Gastric tumors with a genetic abnormality called microsatellite instability-high (MSI-H) can be treated with immune-targeted drugs, but there’s a much more common form of disordered DNA in stomach tumors that’s not as well understood. It’s called “chromosomal instability” (CIN), and the Gastric Cancer Foundation has awarded a new one-year grant to researchers who are studying this abnormality in gastric cancer—and looking for potential drug targets related to it.
The Foundation has awarded $75,000 to the lab of Adam Bass, M.D., associate professor of medicine at Harvard Medical School, which will be used to fund early-stage research focused on finding new therapies for CIN-driven gastric tumors.
“One of the things we’re trying to do is gain a better understanding from cancer genome data so we can characterize and categorize chromosomal instability,” Bass says. “Then we can figure out what’s unique about this process in gastric cancer. By building metrics to classify and refine understanding of CIN we will be more able to define novel therapeutics to address it.”
Bass’ research has found that CIN is present in the most common and highly lethal forms of gastric cancer. CIN differs from MSI in a few key ways, he explains. MSI occurs when there are small errors in the DNA copying process, resulting in a high number of mutations that can make tumors more visible to the immune system and therefore amenable to immunotherapy. “Chromosomal instability is a much more chaotic process, where instead of getting small typos when copying the genome, you get enormous structural errors,” Bass says.
To better understand CIN in gastric cancer, Bass’ team is partnering with the Broad Institute of Harvard and the Massachusetts Institute of Technology to evaluate features of CIN that were uncovered in previous studies of patient samples. They are then applying these CIN features to hundreds of cells from cancer that researchers use for laboratory studies. Their goal is to identify specific genetic targets that can be addressed with existing drugs or new medicines that may be most effective in the form of CIN found in gastric cancer.

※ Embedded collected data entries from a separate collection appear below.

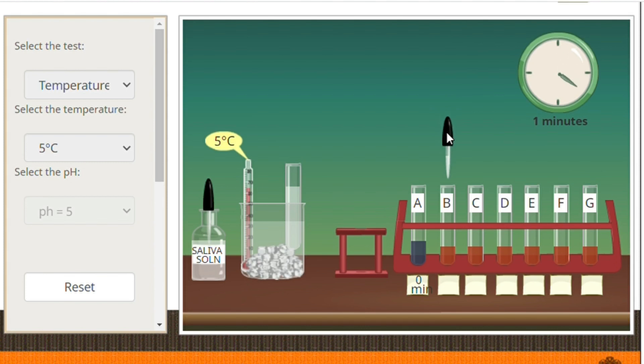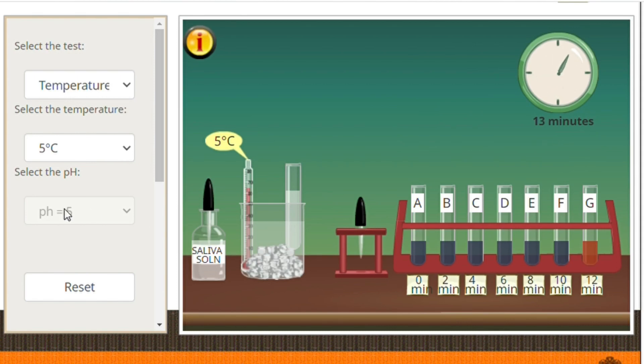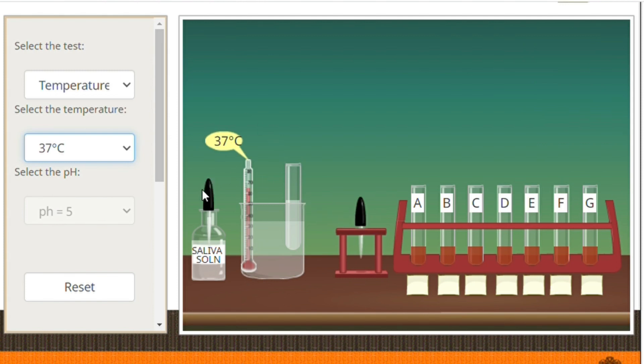After an interval of 2 minutes, take a few drops again from our mixture and add to the next iodine tube. Note the color changes. We will keep on adding after every 2 minutes until the color of the iodine does not change. For the temperatures 37 degrees Celsius and 70 degrees Celsius, we will just be repeating the steps that we did at 5 degrees Celsius.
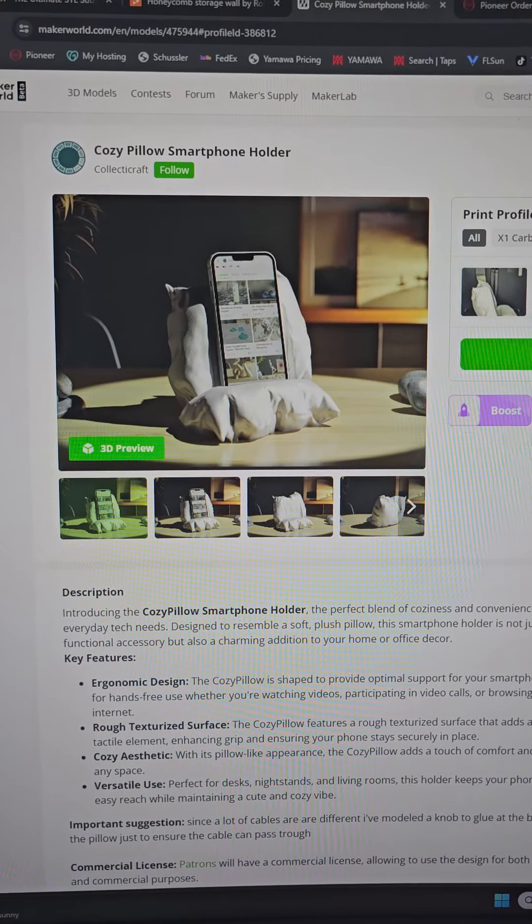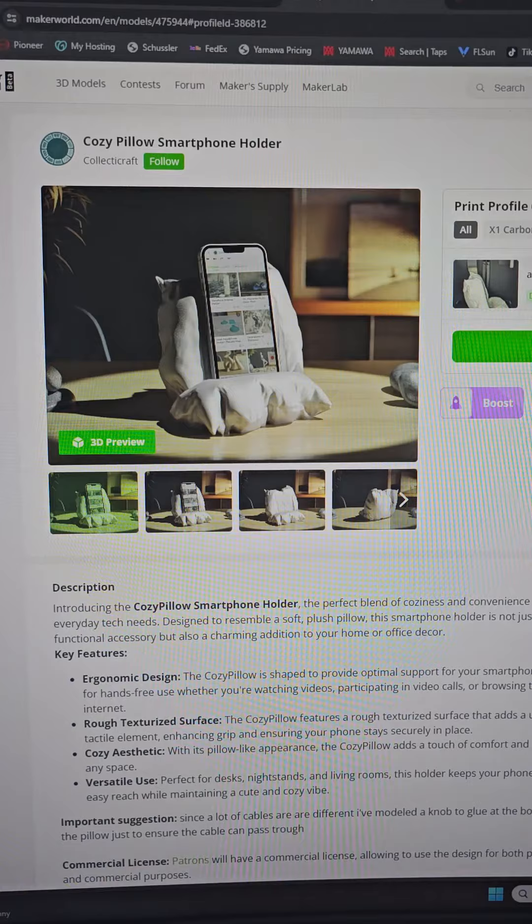I've seen this cozy pillow smartphone holder on MakerWorld and I thought, shouldn't it be soft like a pillow?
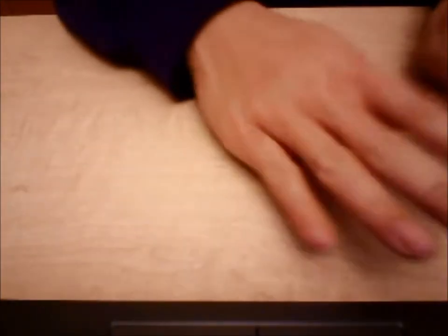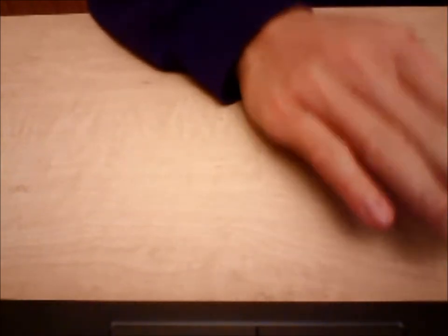Sorry for this weird camera angle. I've kind of lost the other camera, so now I'm going to be using kind of like this type of angle. I think it'll still work, so anyways, bear with me guys.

The GCF funding will allow Bass’ team to establish a computational model, identify promising targets in CIN, and run basic experiments to validate the top prospects. That’s important, because it will give his team the data they need to apply for larger grants to continue the research, which could ultimately inspire the development of new drugs to treat gastric cancer, Bass says.
Bass says the Gastric Cancer Foundation is helping fill a funding gap for basic research in gastric cancer. “Grants from philanthropic foundations are essential for building new research areas,” he says. “A huge problem in the gastric cancer field is that there’s remarkably little of that kind of funding compared to many other cancer types. We’re building something we think is innovative and important—this grant is making that feasible.”